Graph 1: Banks' Assets as a Share of the Assets of all Financial Intermediaries
Graph 1: Banks' Assets as a Share of the Assets of all Financial Intermediaries

The move to a market based system was, however, not without its problems. With an essentially fixed exchange rate and the economy becoming increasingly integrated into world capital markets, the scope for independent market based monetary policy was restricted. As Grenville (1991) notes, attempts to tighten policy by selling bonds were frustrated by the inflow of foreign capital. While various schemes were implemented to slow the inflow of capital, they only provided temporary breathing space. The problems continued to grow as Australia became more integrated into world markets. These difficulties prompted a partial return to direct controls in the second half of the 1970s. Perhaps predictably, this policy met with only limited success and had a relatively short life. In the first half of the 1980s, the exchange rate was floated, all interest rate controls were removed and credit directives ceased.

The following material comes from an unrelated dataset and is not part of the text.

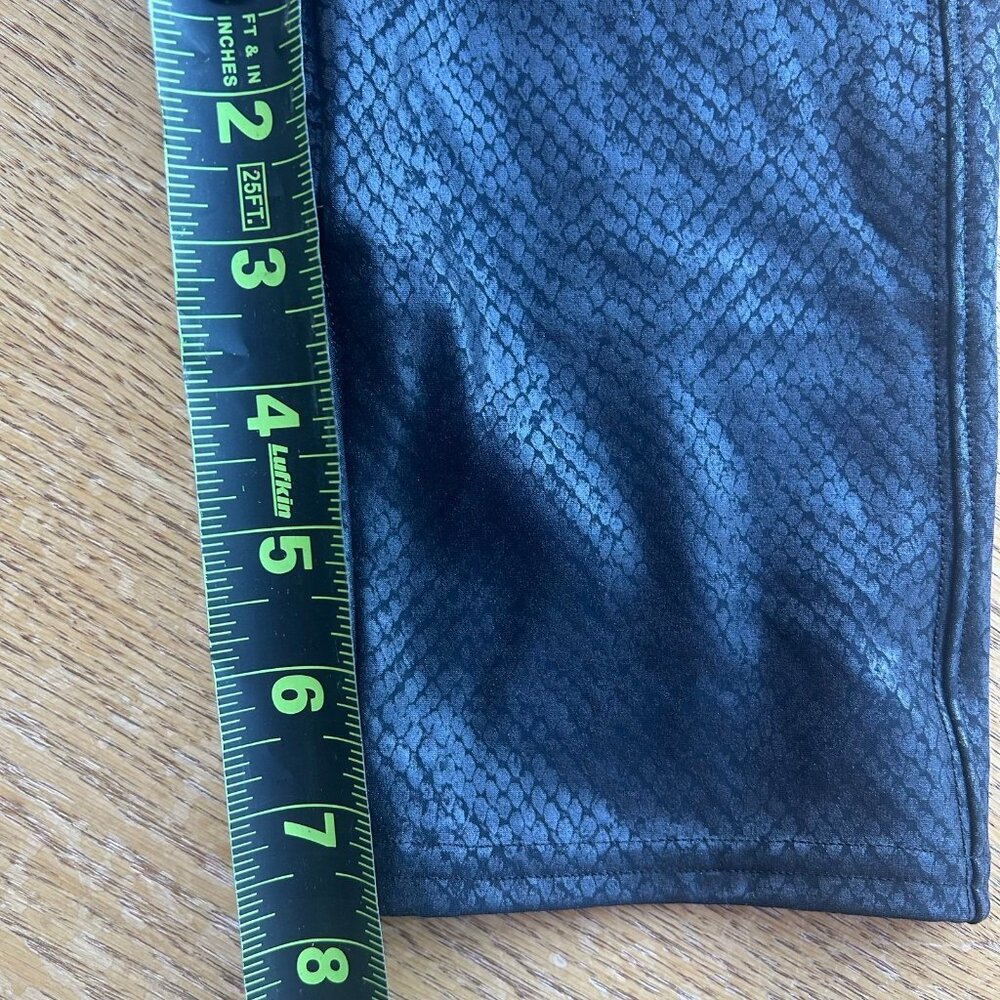 Spanx Faux Leather Snakeskin Design Biker Shorts Sz XS Athleisure Yoga Workout - Picture 8 of 8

The seriousness with which Australian governments have viewed the importance of financial markets is reflected in the three commissioned studies into the operation of the financial system over the last one and a half decades. In 1979, with concern growing over the effectiveness of the existing regulations with regard to both resource allocation and monetary policy, the government commissioned a wide ranging study of the financial system. This report (Australian Financial System Inquiry (1981)), became known as the “Campbell Report”. It was followed in 1984 by a second study (Australian Financial System Review Group (1984)). Finally, a third report (Parliament of the Commonwealth of Australia (1991)), commonly referred to as the “Martin Inquiry”, was commissioned in 1990. Unlike the first two reports, which were concerned with the effects of regulation, this third report assessed the effects of deregulation and the extent of bank competition.

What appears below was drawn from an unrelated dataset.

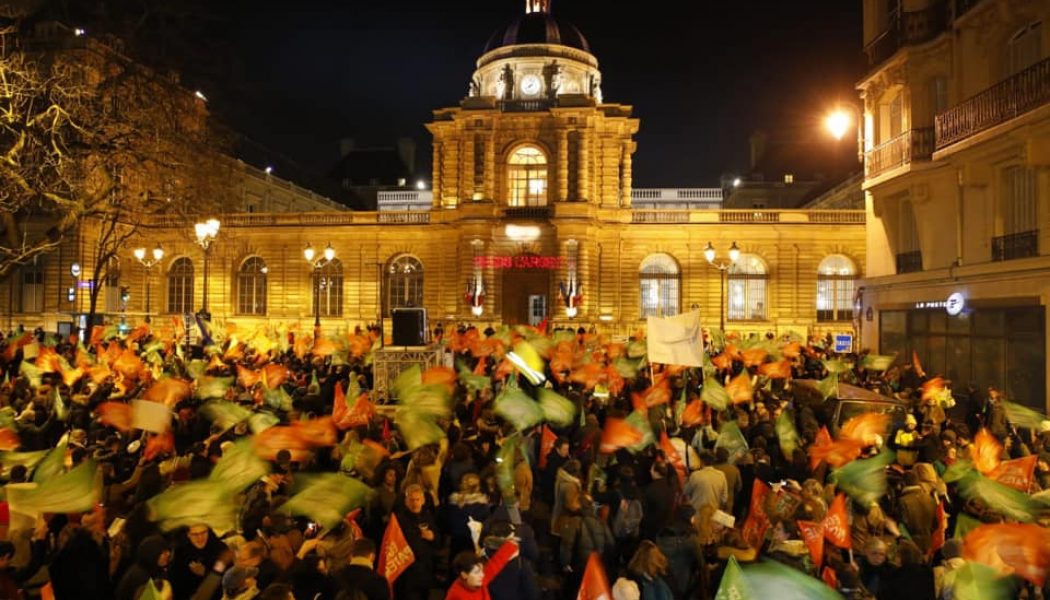 Rendez-vous jeudi 23 janvier à 19h devant le Sénat ! N’oubliez pas vos casseroles et vos sifflets pour réveiller les sénateurs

4.2 Impact of Regulation on Financial Intermediation

It is widely accepted that the control on interest rates paid and received by Australian banks meant that they had to ration credit. The discussion in Section 3.1 suggested that those investors who had the safest projects and those with the most collateral would be first in line to receive rationed funds from the banks. This certainly seems to have been the case in Australia[7]. Nowhere was this more obvious than in the market for housing loans. Successive governments had controlled the housing loan rate in an attempt to improve the access of lower income groups to housing finance. However, the interest rate controls meant that the banks had to ration the housing credit they extended. The Campbell Committee concluded that this rationing meant that the regulations had been counter-productive in achieving their welfare objectives, while hurting the community at large by impairing the efficiency of the financial system” (page 647). That is, banks preferred to lend to their safest customers; those with a large amount of collateral. The interest rate controls had the effect of subsidising housing loans for high income earners while excluding low income earners from the market.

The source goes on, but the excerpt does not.